Assistant U.S. Attorney Stephen Ingraham yesterday asked Gorence to dismiss the criminal complaint while leaving prosecutors with permission to refile those allegations at a later date.
Zhao’s defense lawyer, Juval Scott, said yesterday in a phone interview, “We’re looking forward to getting information from the government and starting our own investigation.”
The case is U.S. v. Zhao, 13-cr-00058, U.S. District Court, Eastern District of Wisconsin (Milwaukee).
Google Sued for ‘Cynical Manipulation’ as EU Probes Advance
Google Inc., operator of the world’s largest search engine, was sued in London by a U.K. Internet company for promoting its own maps over those of competitors in what it claimed was “Google’s cynical manipulation of search results.”
Streetmap, a provider of Internet maps, filed a complaint in London March 15, according to court records. Google’s actions have made its products “harder to find,” the U.K.-based company alleged in an April 10 statement. It’s at least the second such lawsuit filed against Google since June.
Streetmap said its complaint mirrors an antitrust probe by the European Union into whether Google favors its own services over competitors in search results.
“We have had to take this action in an effort to protect our business and attract attention to those that, like us, have started their own technology businesses, only to find them damaged by Google’s cynical manipulation of search results,” Kate Sutton, commercial director of Streetmap, said in the statement.

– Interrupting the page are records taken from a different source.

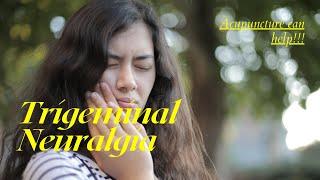 Trigeminal Neuralgia and Acupuncture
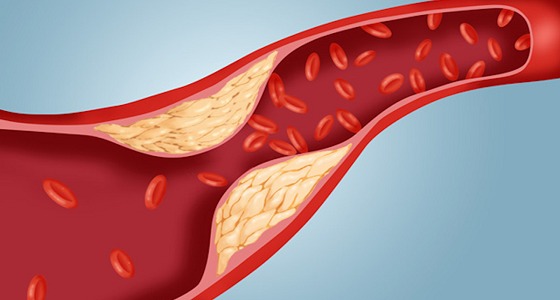 نصيحة طبية: تجنب مخاطر ” الكوليسترول ” بالخضراوات والفواكه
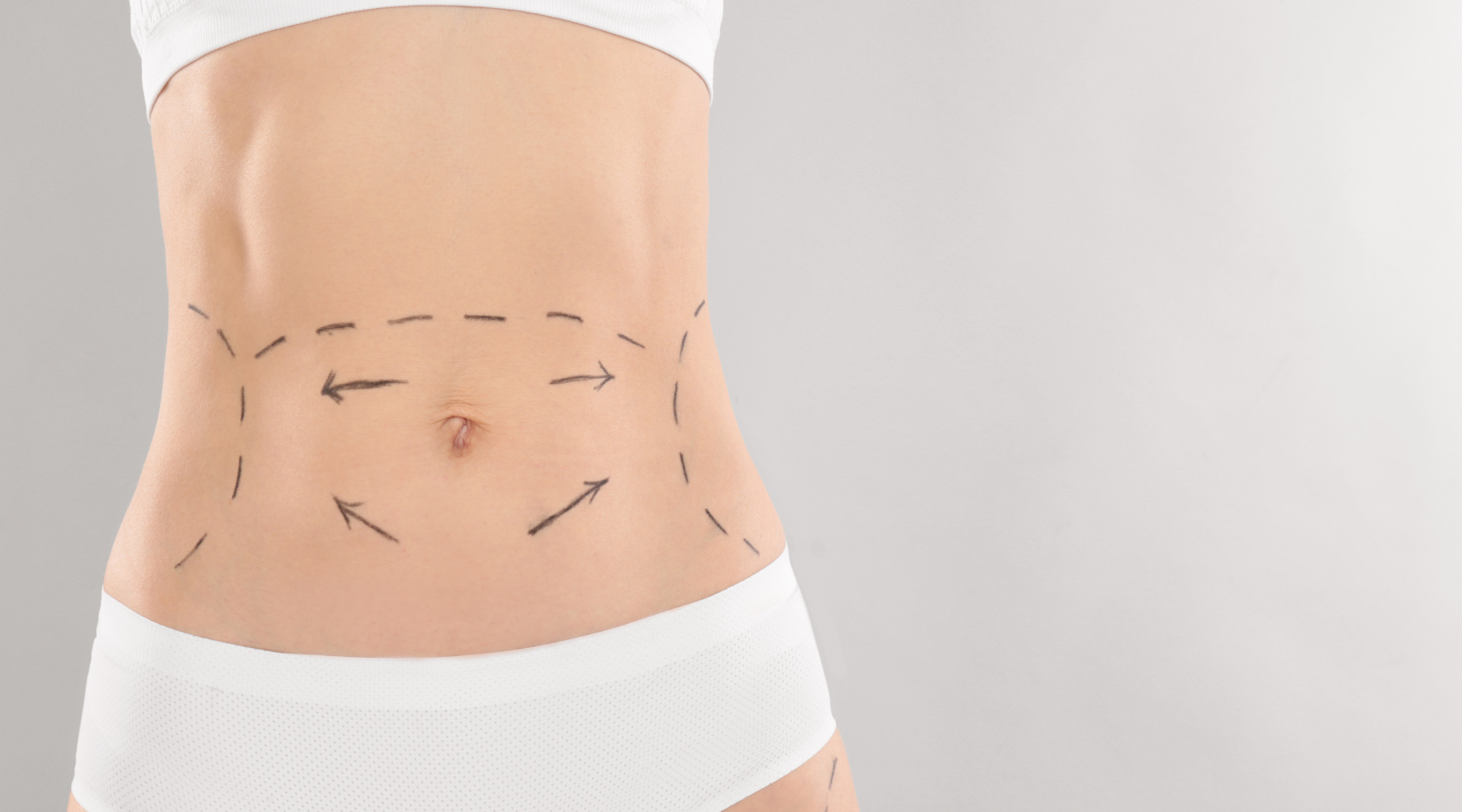 cosmetic surgery High Definition Liposuction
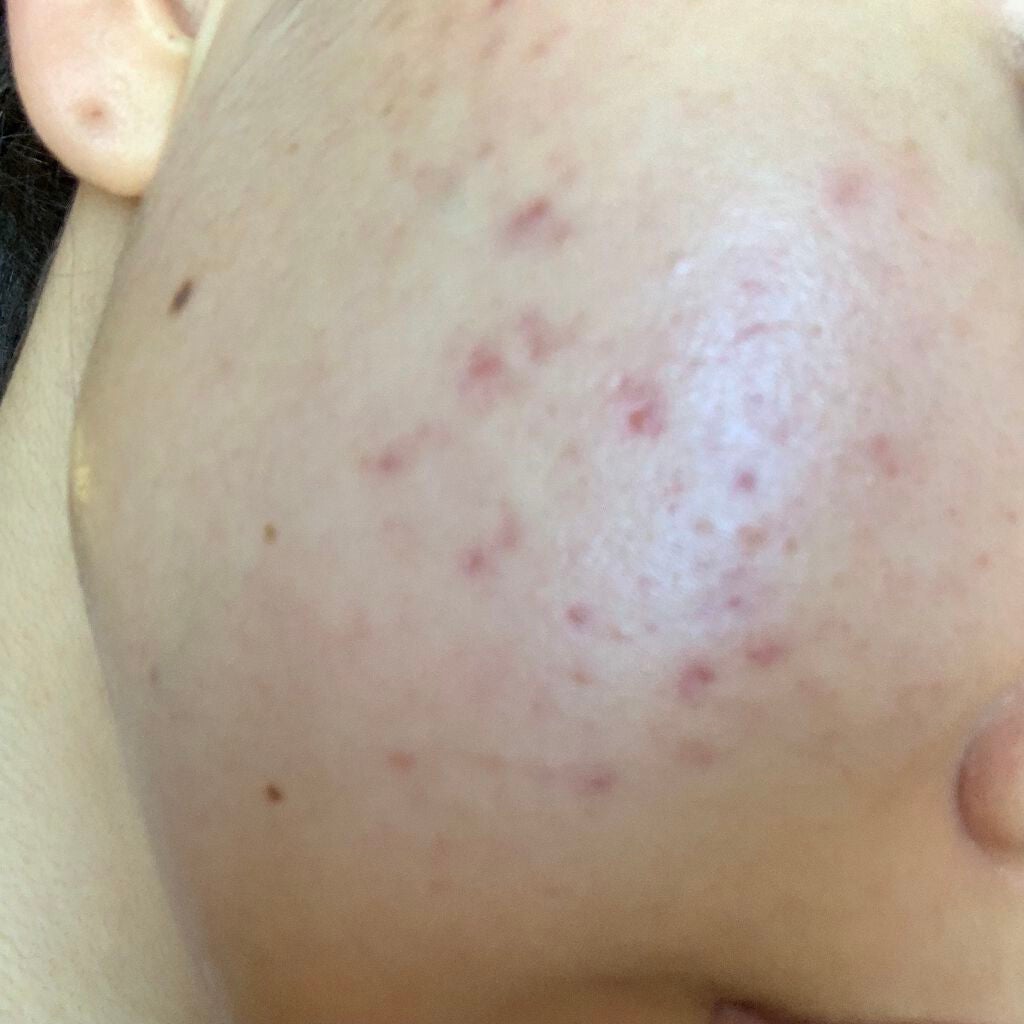 space on LIPS 「まあまあマシになってきてるかな🥺やっぱり夜が痛みます🥺で!も!..」(2枚目)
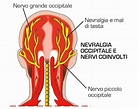 Nevralgia occipitale • Sintomi e Terapie • Medicina del Dolore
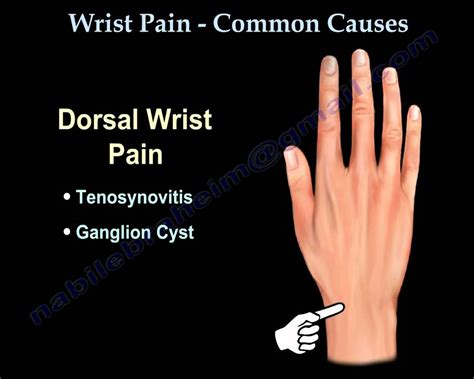 Top Of Wrist Pain Factory Wholesale, Save 58% | jlcatj.gob.mx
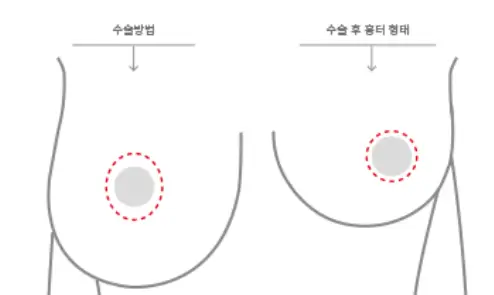 乳房下垂手术费用,以及需要提升术/假体的情况,一并为您整理。<来自20年研究经验的建议> — 正文图片 6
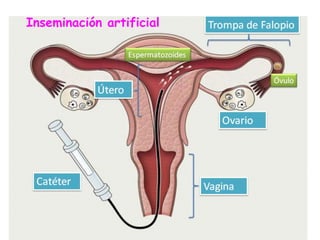 Inseminación artificial
 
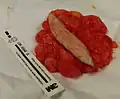 This lipoma was removed from the thigh of a 39-year-old male patient. It measured about 10&nbsp;cm in diameter at the time of removal. In the center is a section of skin that was removed with the lipoma.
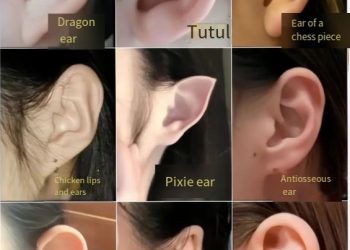 Ear Shape: Understanding, Concerns, and Surgical Solutions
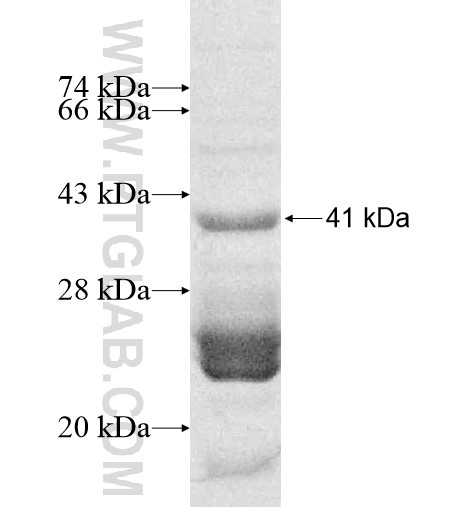 SLC6A16 fusion protein Ag10574 SDS-PAGE SLC6A16 fusion protein Ag10574 SDS-PAGE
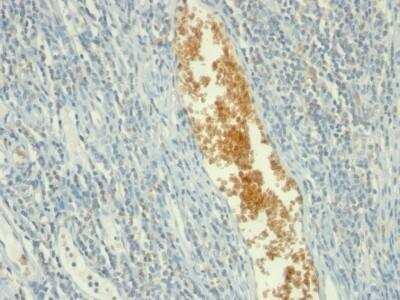 Immunohistochemistry-Paraffin: AMPD3 Antibody (AMPD3/901) - Azide and BSA Free [NBP2-47691] - Human Tonsil stained with AMPD3 Monoclonal Antibody (AMPD3/901)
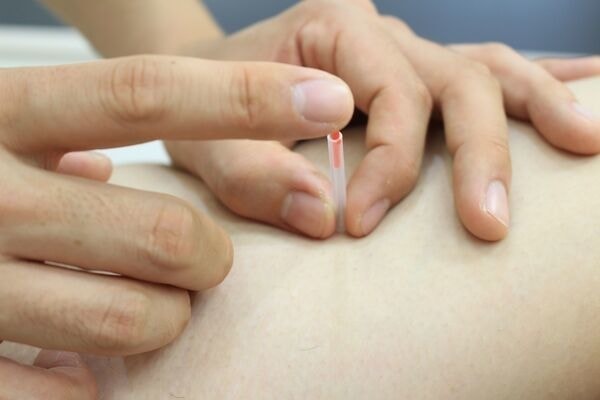 鍼治療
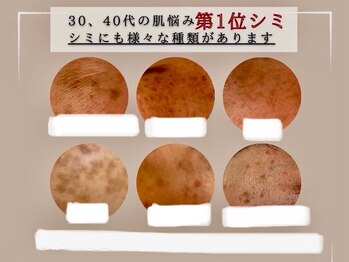 ベルエクラ(Bel Eclat)/シミには種類がある/那覇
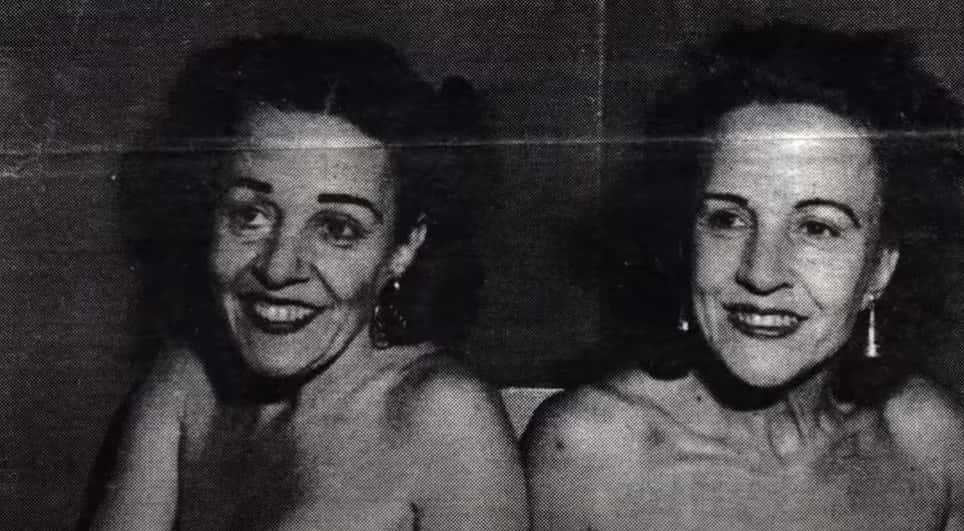 Daisy and Violet Hilton facts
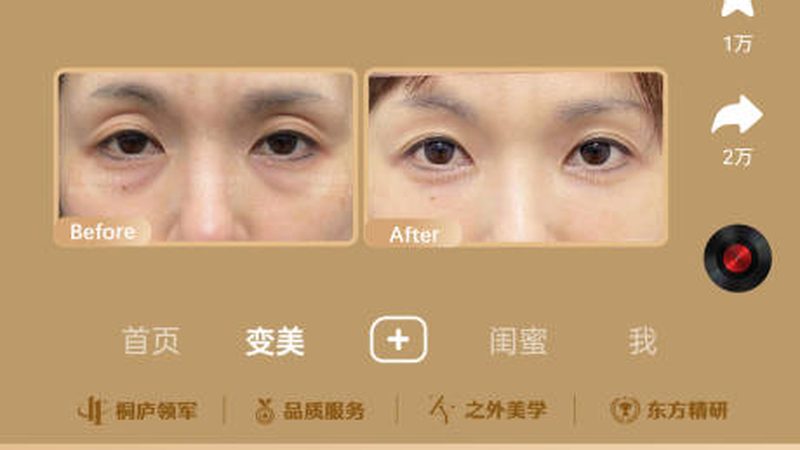 小标题：激光祛斑的注意事项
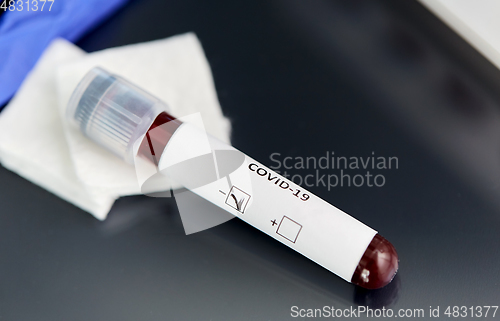 Image of beaker with coronavirus blood test at laboratory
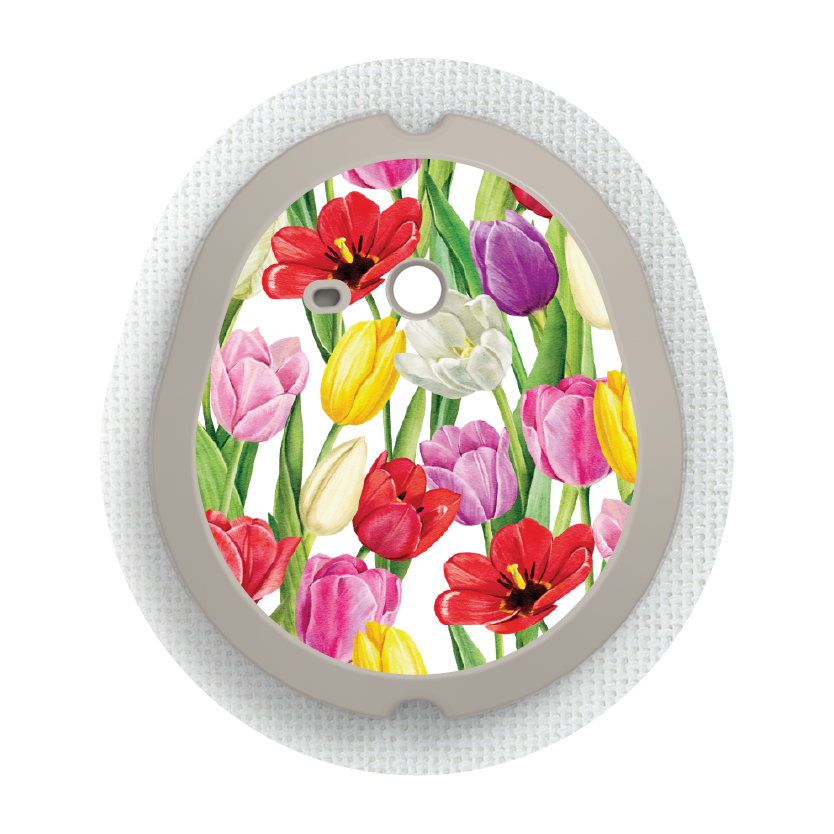Tulips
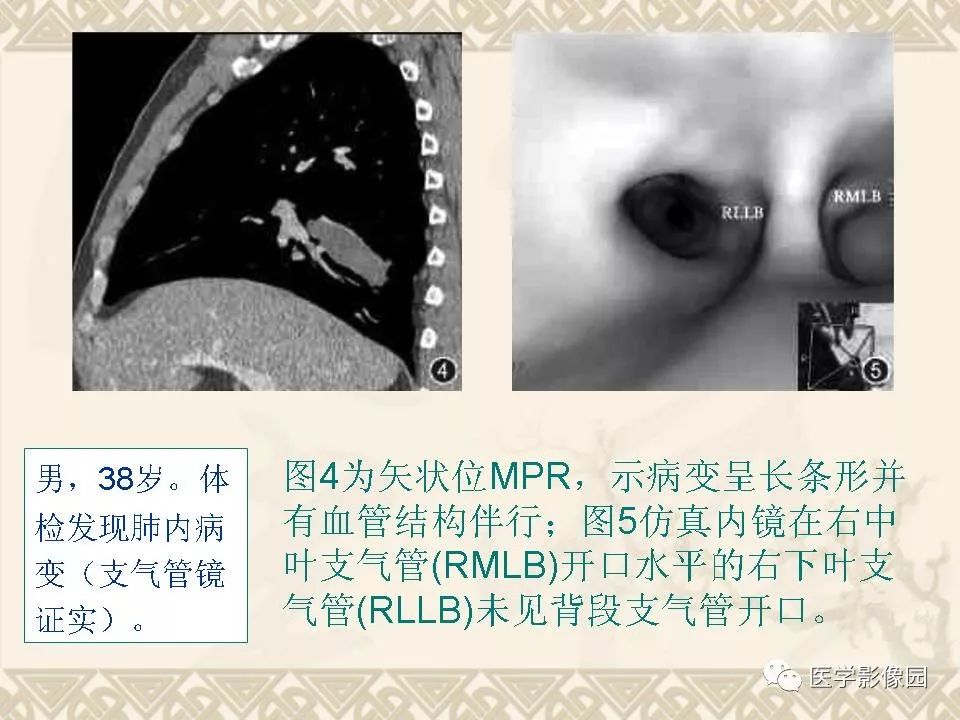 【PPT】先天性支气管闭锁的影像学诊断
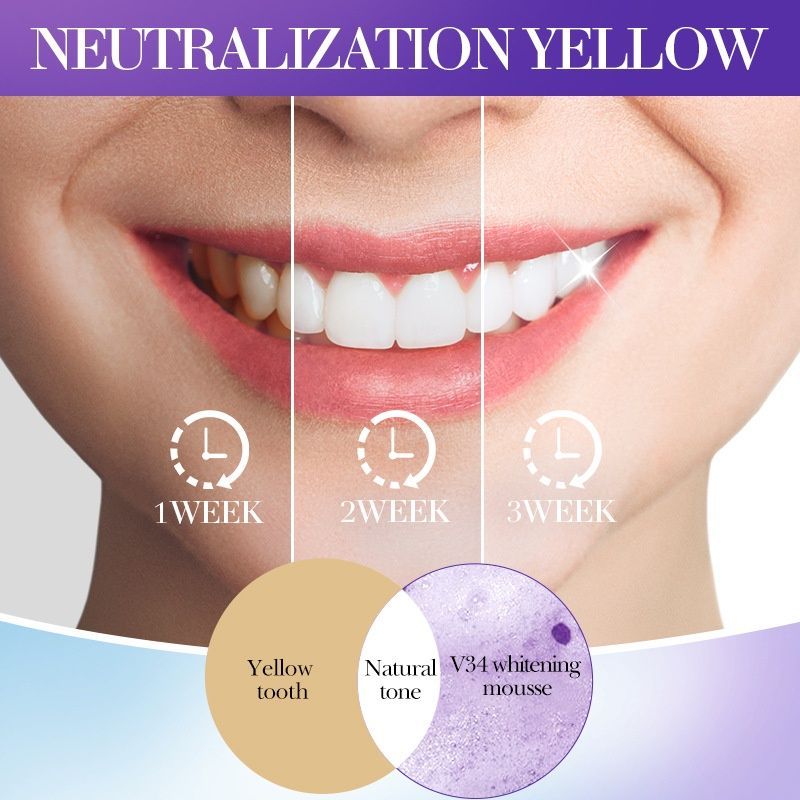 Whitening Foam Toothpaste for Yellow Teeth Removal - 001-SD11160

Google has submitted an offer to the EU that will soon be shown to rivals and customers as part of settlement talks to end the probe into claims that its search results discriminate competitors. EU Competition Commissioner Joaquin Almunia told reporters in Washington yesterday that its goal is to “secure legally binding commitments” from Mountain View, California-based Google as part of the settlement negotiations.
Tom Price, a spokesman for Google, declined to comment yesterday on the allegations, saying in an e-mailed statement that he hadn’t seen the Streetmap complaint.
The case is Streetmap.eu Ltd. v. Google Inc., case no 13-1013, High Court of Justice, Chancery Division.